At one time I was up to 800 cockatiels. I started selectively breeding and holding onto the babies. I couldn't afford the fancier and rare colors so I saved for a visual and bred for splits and traded with other breeders for new bloodlines to pair with what I had.

Over the years I have downsized alot.
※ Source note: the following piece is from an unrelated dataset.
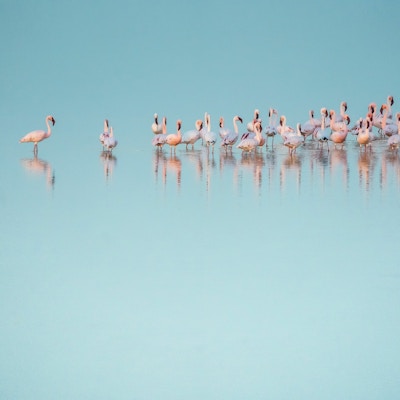 Mange rosa flamingoer er ute i vannet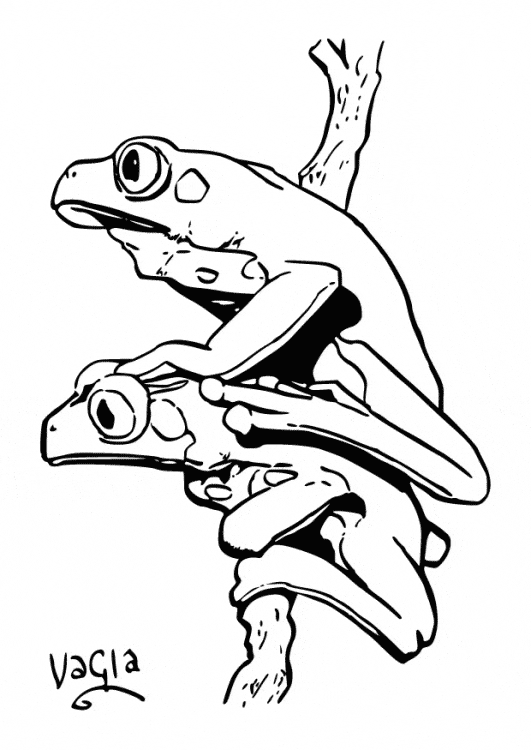 531x750 Poison Dart Frog Coloring Page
If you ask me now I'll say I have about 50+ tiels, because I am guessing and I really don't want to really know how many.

Thank God there are currently no new mutations, and if there are I am covering my eyes and ears


----------



## atvchick95 (Sep 17, 2007)

Lovin_the_tiels said:


> Speaking of boyfriends,,i moved here with 4 birds,as of today i have 19,i wonder how many i will get to have b4 he says enough,,LMAO!!
> Anyways,yes the green,oh the green!!!It was several years ago(about 10) when i finally seen my first cinnamon,and i went OH,OK,I,SEE,,,and my passion for having 2-3 of every color has gone wild!!I still have to get a couple more whites and i'll be happy;-)and then there is that elusive GREEN!!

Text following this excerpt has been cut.